Given records:
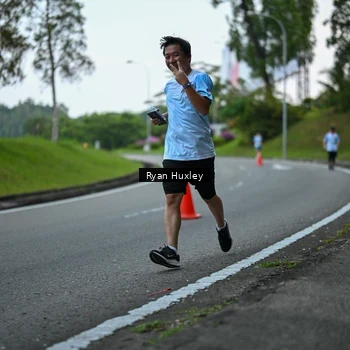 Runner Photo 7600295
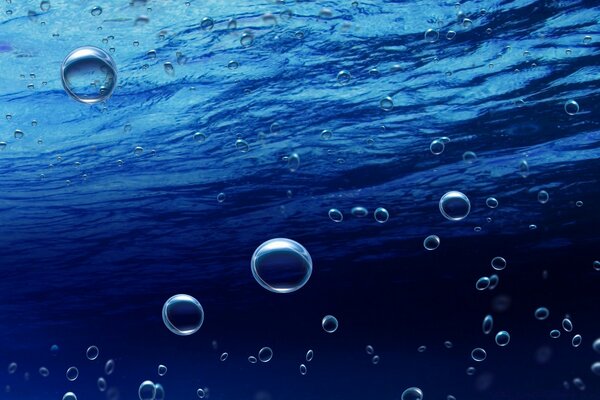 Gouttes d eau pure dans la mer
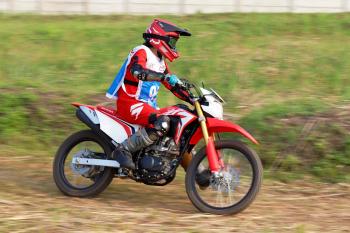 Ini Sepatu Berkendara Offroad yang Paling Aman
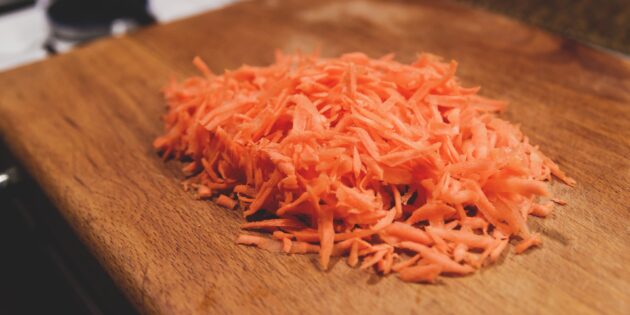 Как приготовить простой куриный суп: Натрите на крупной тёрке морковь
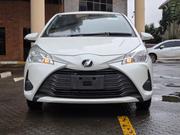 Toyota Vitz 2019 White for sale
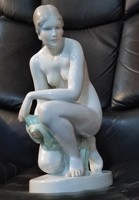 Herendi térdelő női akt porcelán..35 cm. Tervezte Lux Elek..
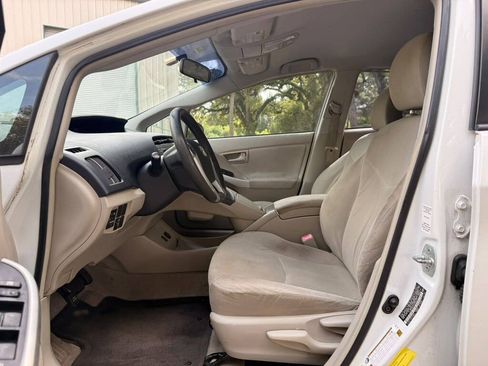 Used 2010 Toyota Prius One FWD image 10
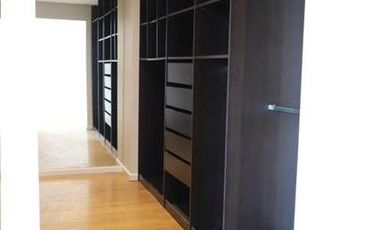 Casa en  Barrio Parque - Moderna y con Pileta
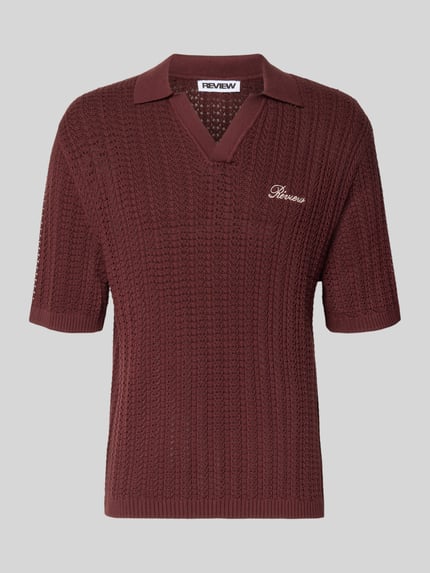Produktfoto, Slim Fit Poloshirt in Crochet-Optik van REVIEW, puur katoen, polokraag, halflange mouwen, gestikt logo, ruglengte maat M 68 cm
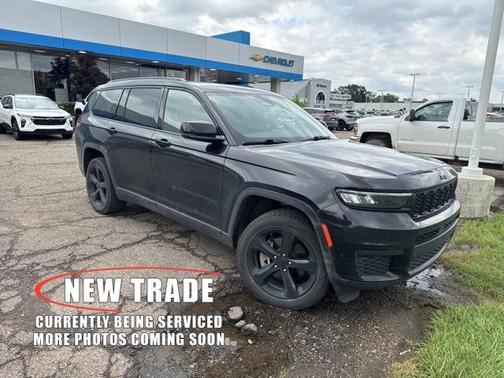 2023 Jeep Grand Cherokee L Laredo
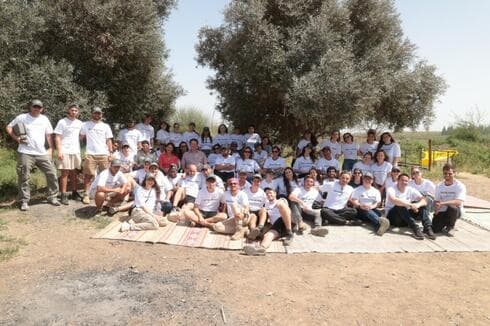 המשתתפים במיזם ההולכים בדרכם (צילום: זיו טולדנו) ההולכים בדרכם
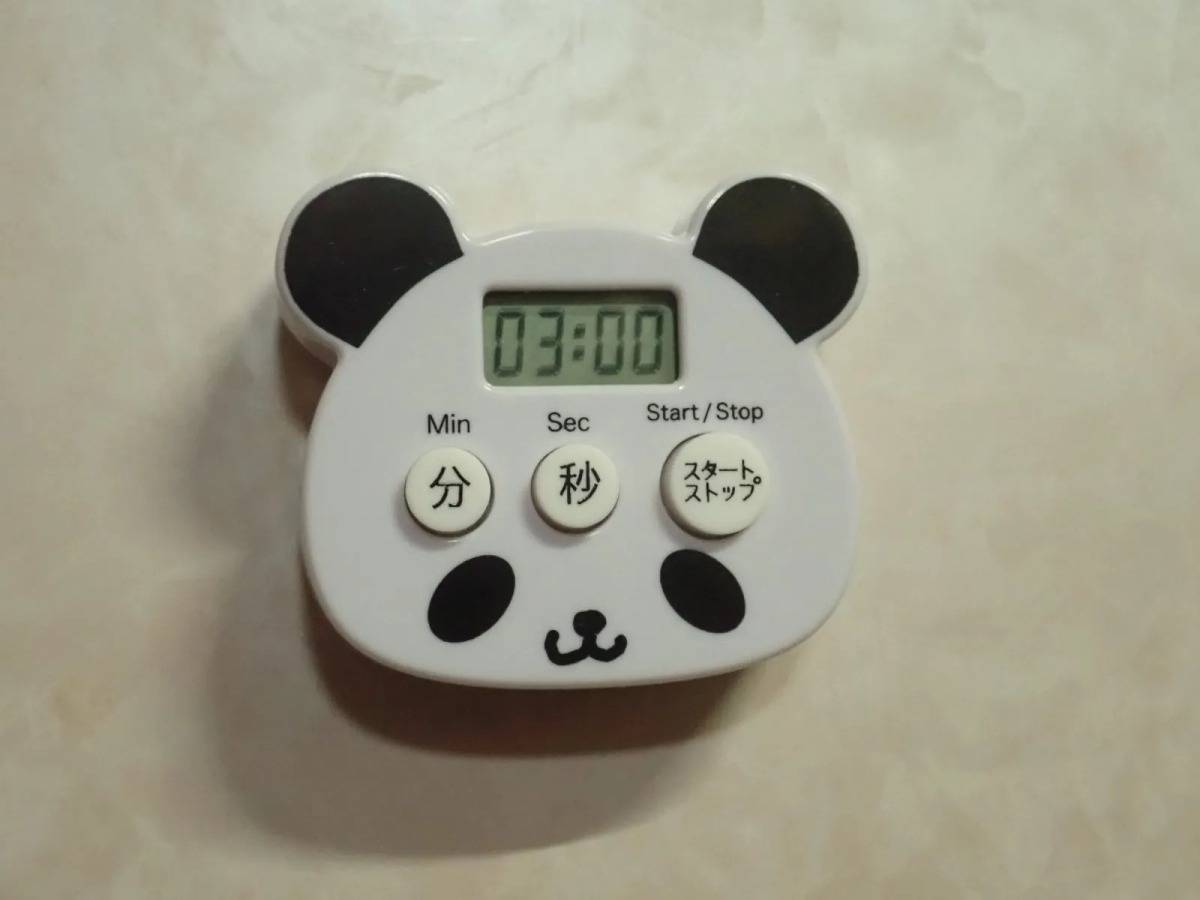 DAISO(ダイソー)：キッチンタイマー ぱんだ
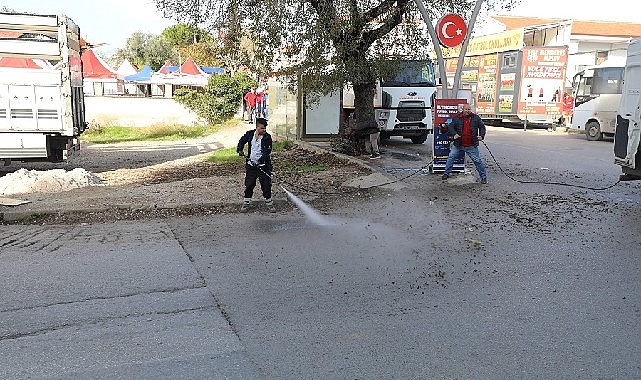 Menderes’te Caddeler Tertemiz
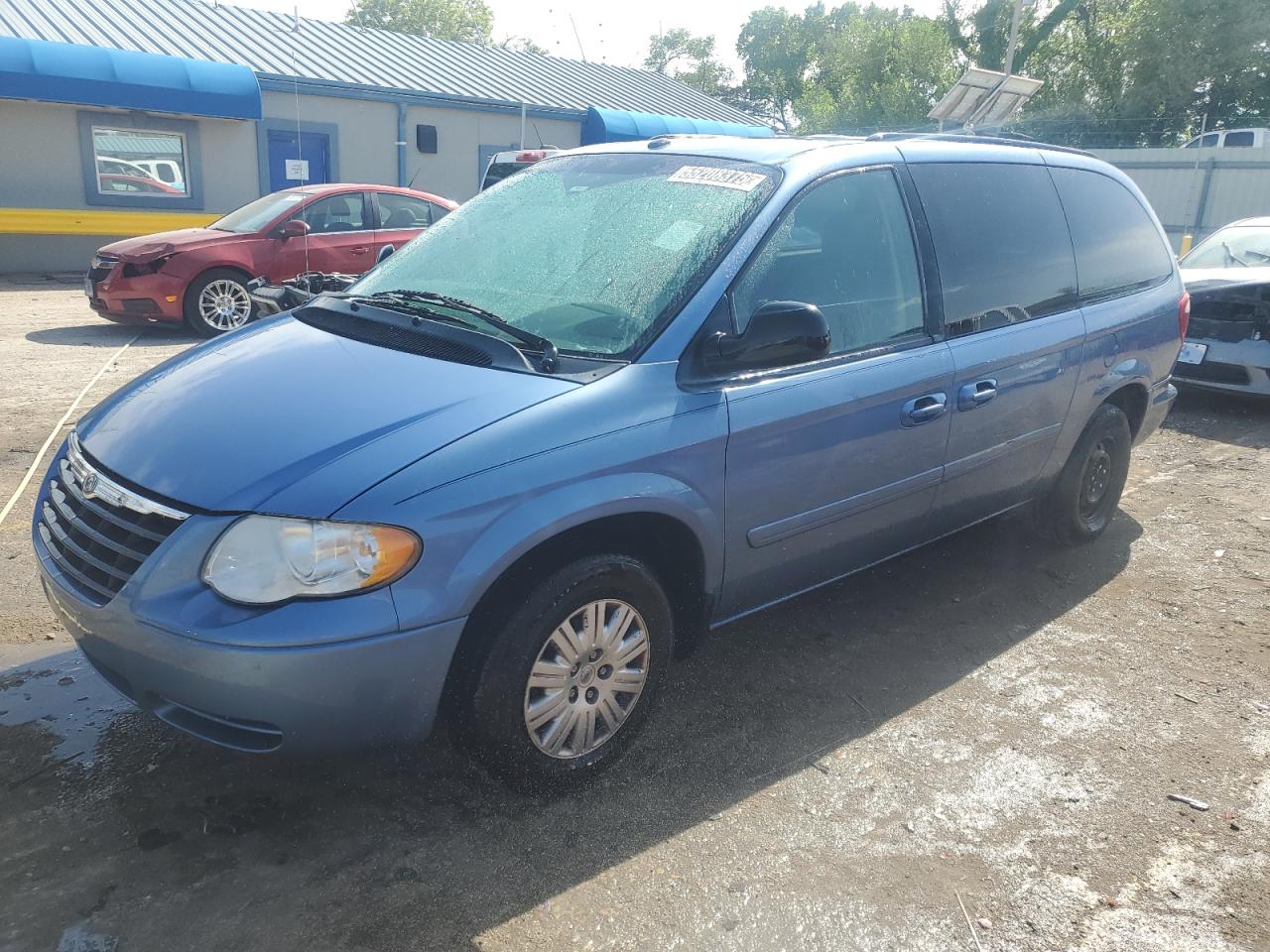2007 Chrysler Town Cou 3.3L de vânzare în Wichita, KS - Minor Dent/Scratches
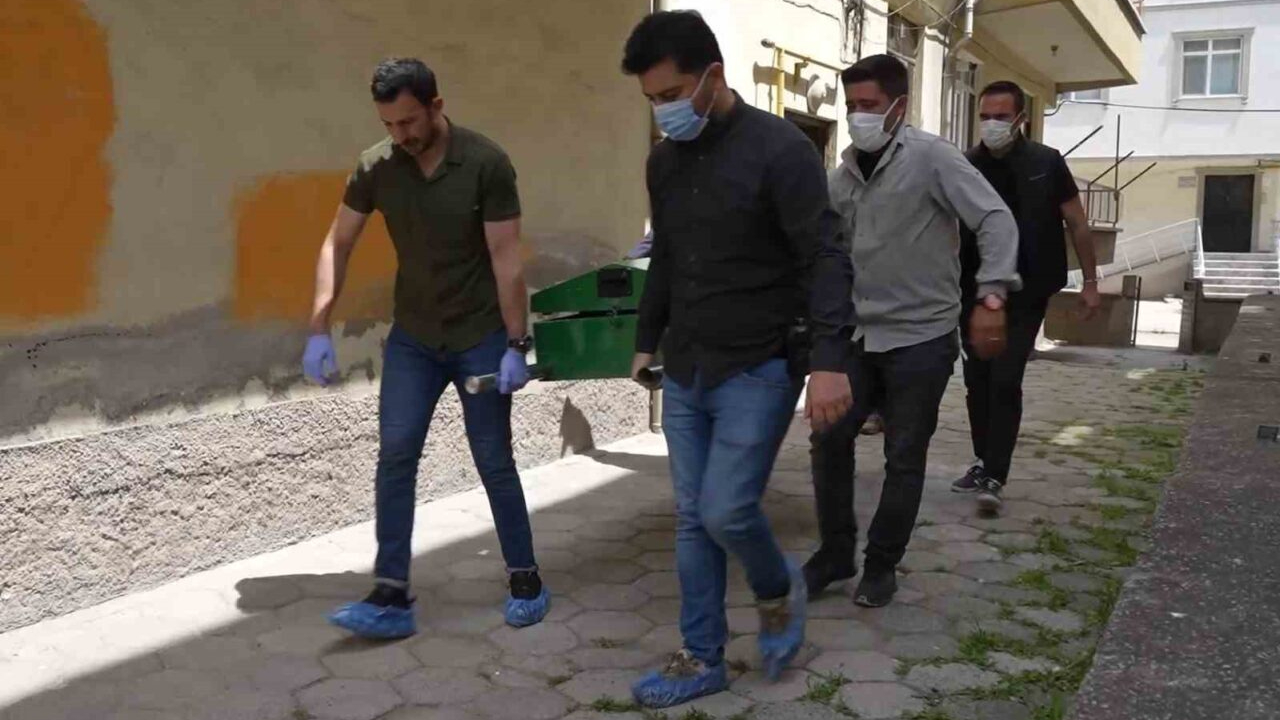 Çilingirle girdiği evde korkunç manzarayla karşılaştı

Work instructions:
Return only the lines from the line containing "המשתתפים במיזם ההולכים" through the last line of the records above, both ends included, exactly as written, leaving pictures out.

Answer to the exercise:
 המשתתפים במיזם ההולכים בדרכם (צילום: זיו טולדנו) ההולכים בדרכם
 DAISO(ダイソー)：キッチンタイマー ぱんだ
 Menderes’te Caddeler Tertemiz
2007 Chrysler Town Cou 3.3L de vânzare în Wichita, KS - Minor Dent/Scratches
 Çilingirle girdiği evde korkunç manzarayla karşılaştı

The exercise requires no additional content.